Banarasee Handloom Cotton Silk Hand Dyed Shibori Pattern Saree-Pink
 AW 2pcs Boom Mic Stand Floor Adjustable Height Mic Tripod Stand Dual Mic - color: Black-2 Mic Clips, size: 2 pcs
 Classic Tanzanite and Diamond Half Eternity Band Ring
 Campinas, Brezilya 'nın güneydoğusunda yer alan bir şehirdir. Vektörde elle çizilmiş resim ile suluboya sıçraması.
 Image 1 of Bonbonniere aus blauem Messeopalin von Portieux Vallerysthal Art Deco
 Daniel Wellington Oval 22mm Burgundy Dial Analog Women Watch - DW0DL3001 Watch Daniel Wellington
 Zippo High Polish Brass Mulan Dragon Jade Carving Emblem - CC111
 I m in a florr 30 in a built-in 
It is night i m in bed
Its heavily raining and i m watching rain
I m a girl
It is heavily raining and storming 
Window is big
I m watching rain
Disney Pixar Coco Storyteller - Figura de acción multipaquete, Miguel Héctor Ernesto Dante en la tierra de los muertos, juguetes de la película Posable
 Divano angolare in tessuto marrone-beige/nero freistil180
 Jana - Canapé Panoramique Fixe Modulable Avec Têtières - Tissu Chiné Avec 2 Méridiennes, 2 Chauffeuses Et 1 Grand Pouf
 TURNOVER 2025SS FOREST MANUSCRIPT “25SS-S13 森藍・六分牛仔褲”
____________
■ Action item: From the line containing "I m in a florr 30 in a built-in" to the last line of the data above, copy each line exactly and add nothing.

■ Completed exercise:
 I m in a florr 30 in a built-in 
It is night i m in bed
Its heavily raining and i m watching rain
I m a girl
It is heavily raining and storming 
Window is big
I m watching rain
Disney Pixar Coco Storyteller - Figura de acción multipaquete, Miguel Héctor Ernesto Dante en la tierra de los muertos, juguetes de la película Posable
 Divano angolare in tessuto marrone-beige/nero freistil180
 Jana - Canapé Panoramique Fixe Modulable Avec Têtières - Tissu Chiné Avec 2 Méridiennes, 2 Chauffeuses Et 1 Grand Pouf
 TURNOVER 2025SS FOREST MANUSCRIPT “25SS-S13 森藍・六分牛仔褲”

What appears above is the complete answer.